++++ DATASET EXTRACT ++++

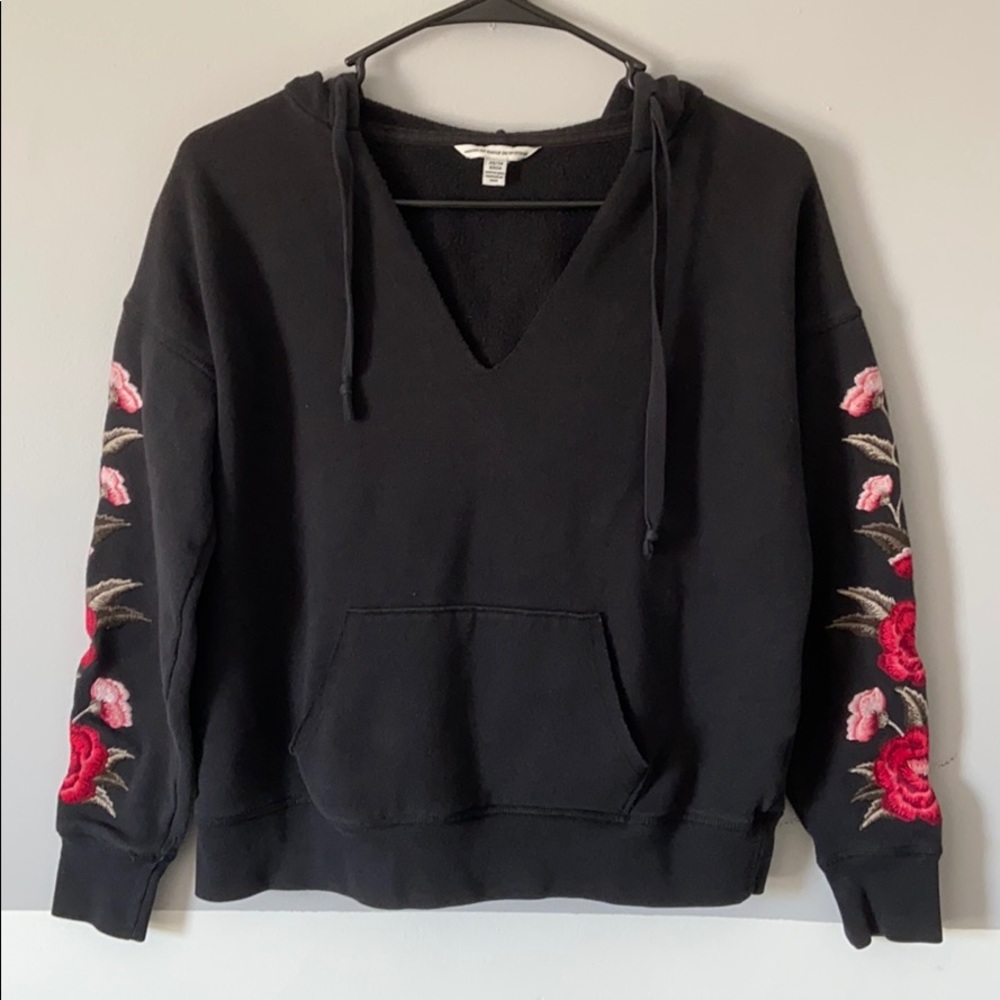 American Eagle Women’s Black Hoodie Extra Small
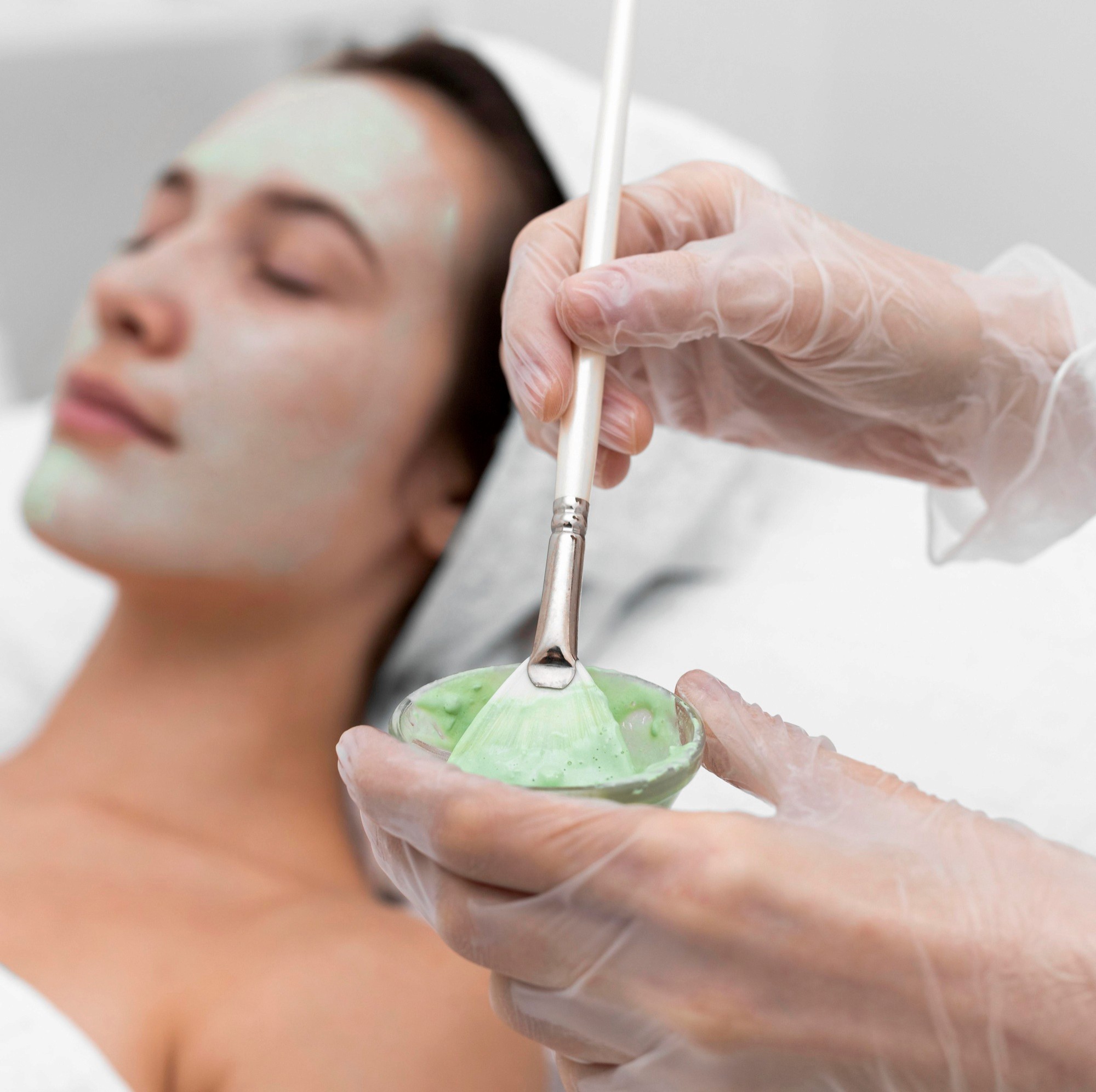 Mandelic, Lactic or Glycolic Peeling: Key Differences Explained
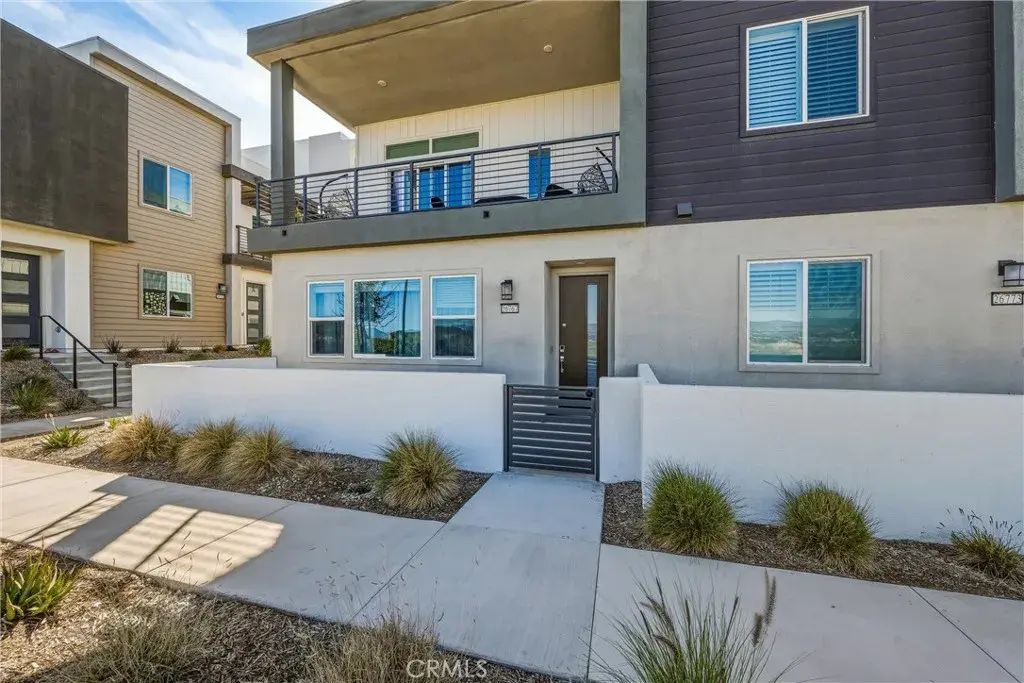 26767 Laurel Mountain Loop, Valencia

++++

Reproduce the full listing above verbatim, with no pictures included.

 American Eagle Women’s Black Hoodie Extra Small
 Mandelic, Lactic or Glycolic Peeling: Key Differences Explained
 26767 Laurel Mountain Loop, Valencia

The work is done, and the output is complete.